DATA RECORDS below:

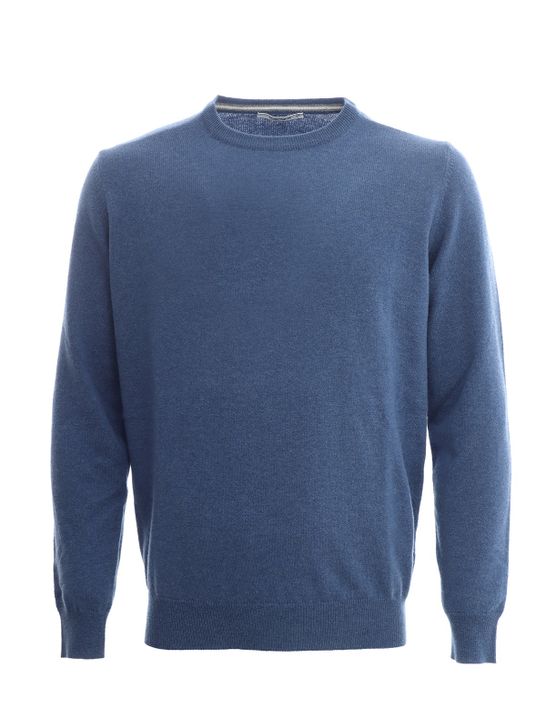maglia-kangra-cashmere-blu-9003-01-103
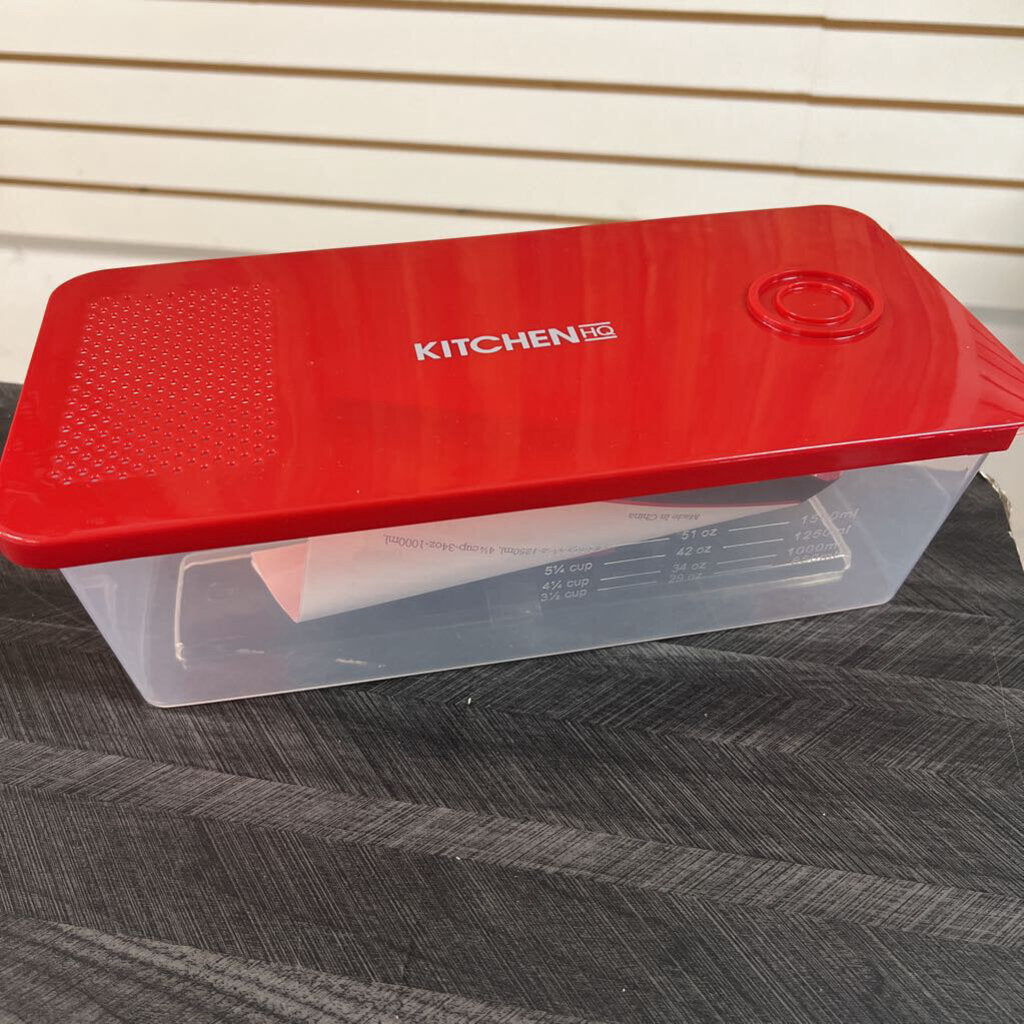 Pasta Cooker, No Shipping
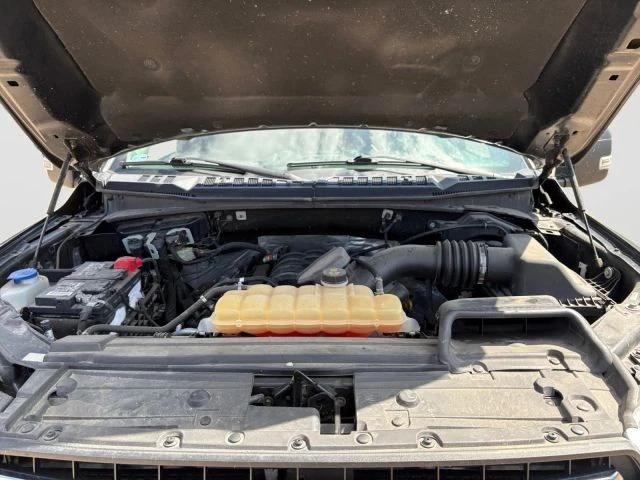 2018 Ford F-150 13th Gen - Image 20 of 25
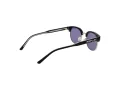 Replay Solglasögon RY 680S H02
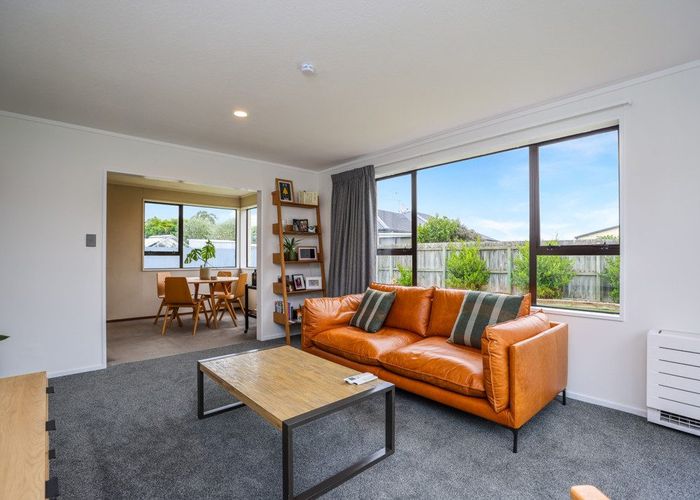  at 36A Johnstone Street, Tinwald, Ashburton, Canterbury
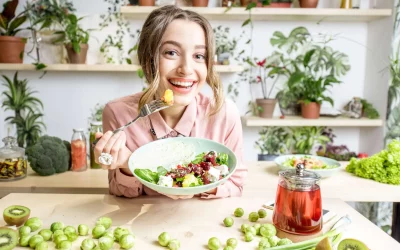 Dieta Mediterranea: la dieta anticancro spiegata dall’oncologo
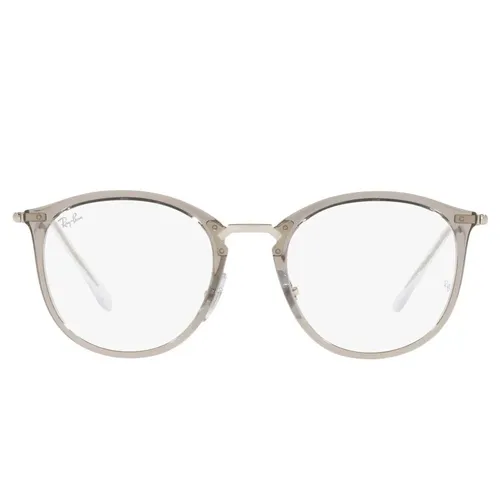 Accessories > Glasses - - Ray-Ban - Modalova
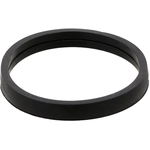 Order ELRING - DAS ORIGINAL - 243.840 - Thermostat Seal Ring For Your Vehicle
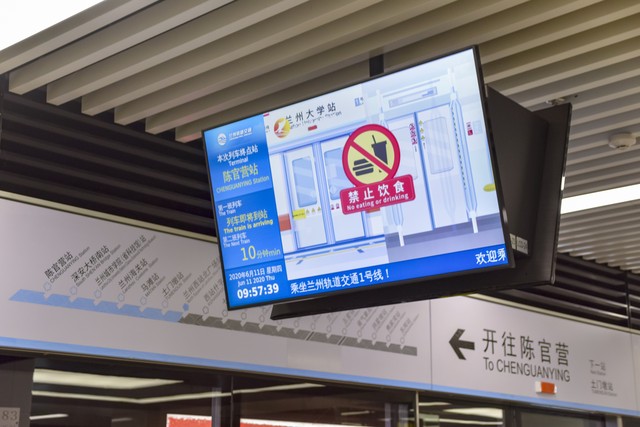 曼妮直播截图预览3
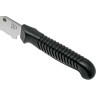Нож кухонный SPYDERCO K04SBK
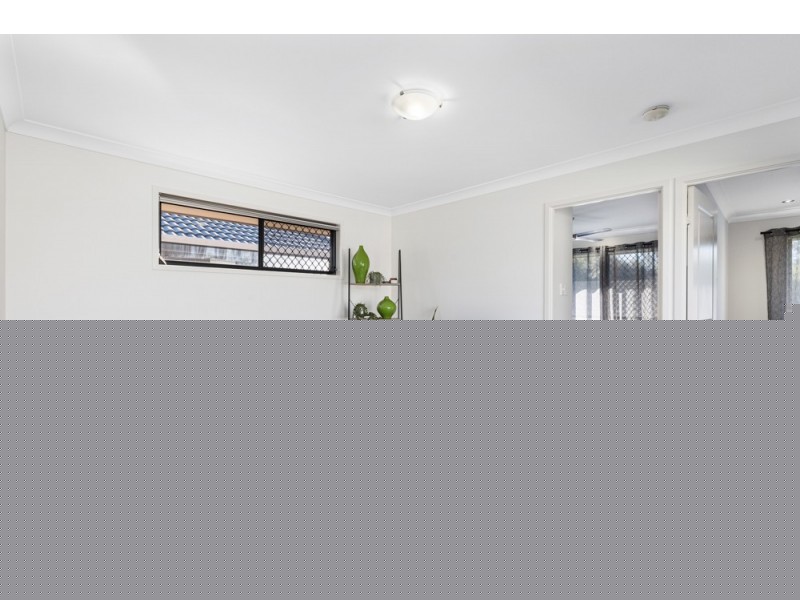 68 Lancaster Circuit, Redland Bay QLD 4165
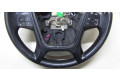 Volant Volvo XC60 2009   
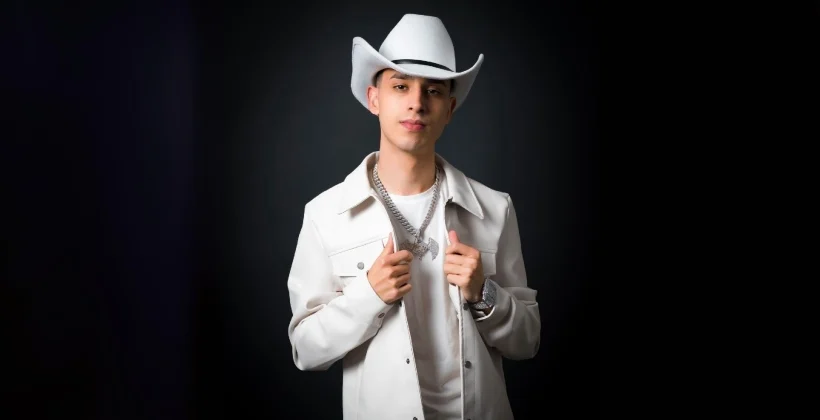 J Matt Cedida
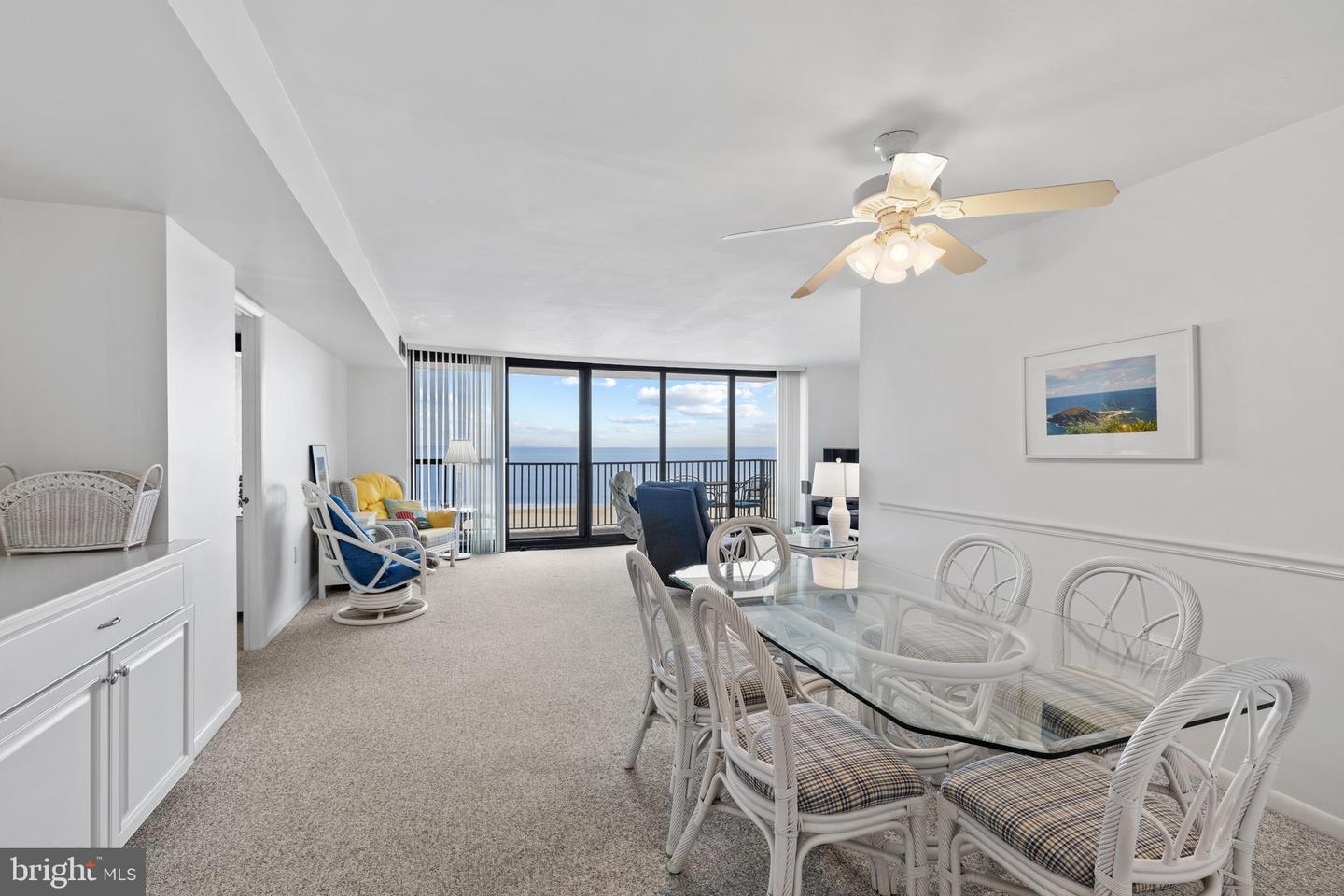 DESU2102488-804468807558-2026-01-23-08-49-52 603 N Edgewater House Rd #603n | Bethany Beach, DE Real Estate For Sale | MLS# Desu2102488  - Jack Lingo REALTOR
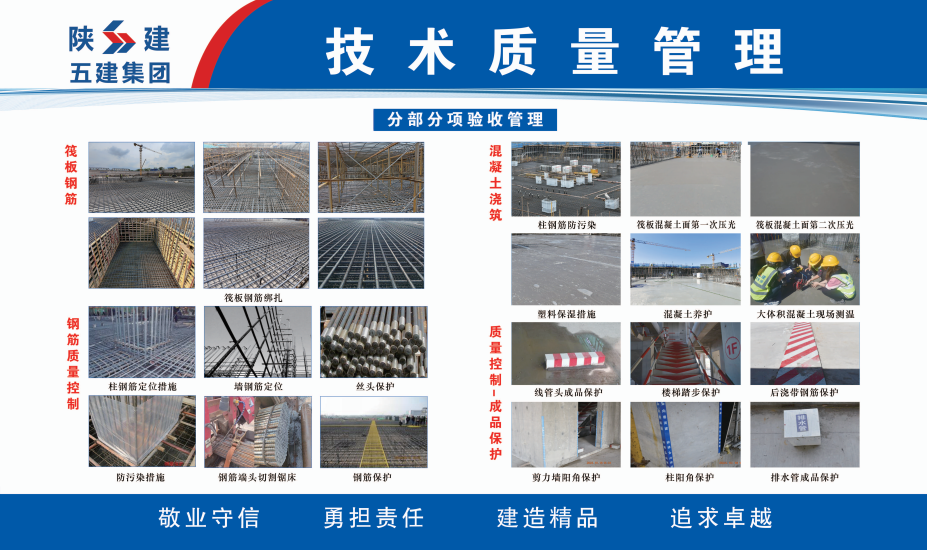 标杆引领品质见证！这个省外项目实力吸睛又获好评-29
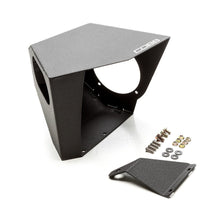 Load image into Gallery viewer, COBB Stage 1+ Power Package 2008-2015 Mitsubishi Evolution X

End of DATA RECORDS.

Extract only the lines from the one that contains "Order ELRING - DAS" through the end of the records, inclusive, and omit every picture.

▶ _RESPONSE_:
 Order ELRING - DAS ORIGINAL - 243.840 - Thermostat Seal Ring For Your Vehicle
 曼妮直播截图预览3
Нож кухонный SPYDERCO K04SBK
 68 Lancaster Circuit, Redland Bay QLD 4165
 Volant Volvo XC60 2009   
 J Matt Cedida
 DESU2102488-804468807558-2026-01-23-08-49-52 603 N Edgewater House Rd #603n | Bethany Beach, DE Real Estate For Sale | MLS# Desu2102488  - Jack Lingo REALTOR
 标杆引领品质见证！这个省外项目实力吸睛又获好评-29
 Load image into Gallery viewer, COBB Stage 1+ Power Package 2008-2015 Mitsubishi Evolution X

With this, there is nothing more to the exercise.